Me recuerda a Donnie Osmond o David Cassidy, cuyas fotos mis hermanas colgaban de la pared de su recámara como signo inequívoco de una adoración absoluta, hace poco menos de cuatro décadas (aunque no habían nacido, afirmarán ellas contundentemente). Hoy el equivalente sería esa subespecie canadiense de nombre Justin Bieber. Los tres han ocupado el primerísimo lugar en mi lista de personajes aborrecibles por causa de la insoportable mercadotecnia que los rodea. En el golf hay alguien parecido, aunque todavía no resulta tan odioso como los antes mencionados, pero ya ganó un torneo y creo que nos espera lo peor. Indiscutiblemente es un gran jugador, pero es muy probable que como a Michelle Wie, a Rickie Fowler lo destruya la ambición de sus mercadólogos.
Más que un buen ejemplo de la pujante nueva generación de golfistas allende el norte, este egresado de la Universidad de Oklahoma es el intento desesperado del marketing estadunidense por consolidar el surgimiento del último héroe americano, un bien tan escaso y difícil de conseguir en estos días, que los esfuerzos van y vienen, pero no logran cuajar alguno.
Rickie parecía uno más de esos grandes proyectos; asesores en vestimenta, en comportamiento, estilistas y seguramente entrenadores hasta de sonrisa; mamá y bella novia —cuyo nombre ya todos sabemos que es Alexandra Brown—al lado del green… pero Rickie nomás no ganaba. A este circo le estaban creciendo los enanos y de pronto Fowler —a pesar de que quisieran quitarle cinco años de edad para embrutecer aún más a los mercados adolescentes— comenzó a crecer y llegó a los 23 años de edad sin victorias en el PGA Tour.
Así pasaron muchos torneos, hasta que en la septuagésima segunda oportunidad, un gran cierre en el Wells Fargo Championship le abrió un espacio en la muerte súbita, ante dos adversarios, uno de los cuales es la antítesis de su propia personalidad —cinco meses menor que él— y probablemente el mejor golfista del planeta en la actualidad; alguien que no necesita disfrazarse de mandarina los domingos para que lo vean, pues prefiere resolver ese asunto ganando torneos: el norirlandés Rory McIlroy.
Minutos después, ante un público eufórico en Charlotte, Carolina del Norte, dejando atrás cuatro subcampeonatos y poniéndole broche de oro a un approach excepcional, Rickie ganaría su primer torneo.
Él mismo entiende su posición. «Rory es el jugador joven mejor clasificado en este momento.
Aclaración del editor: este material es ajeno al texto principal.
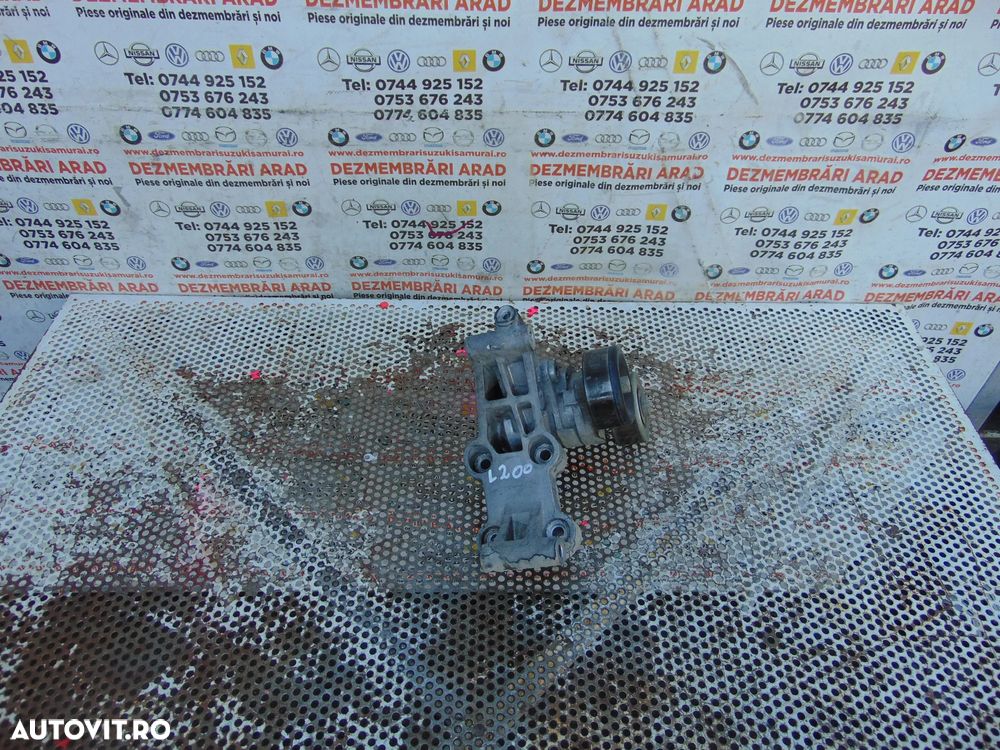 Suport rola intinzator Mitsubishi l200 2.4 2.2 dupa 2015 suport rola intinzatoare l200 fiat fullback - 3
Yo soy probablemente el que más sobresale por el color —mencionó Fowler—. Ahora soy un ganador en el PGA Tour,así que ya tengo algo de credibilidad».
Pero a pesar de este destello de humildad y comprensión de su posición en la esfera golfística, los jilgueros de la crónica yanqui decidieron no esperar y pidieron el tañer de las campanas; finalmente el ídolo había despertado; Tangerine-Man —Superman-darino sería un buen nombre para la versión en español de su comic en Marvel—, blandiendo su pitching wedge, llegaba para derrotar a las hordas europeas que se habían adueñado de Golfópolis. Ya no harían falta los viejitos Tiger Woods o Phil Mickelson —quien ingresó el lunes al Salón de la Fama— y mucho menos Steve Stricker o Jim Furyk. Los nuevos 4 Fantásticos, Rickie, Bubba (Watson), Hunter (Mahan)y Dustin (Johnson) serán quienes recuperen el control del Tío Sam en el orden mundial… del golf.
Dice el dicho: Uno no es ninguno, dos es medio y tres es uno.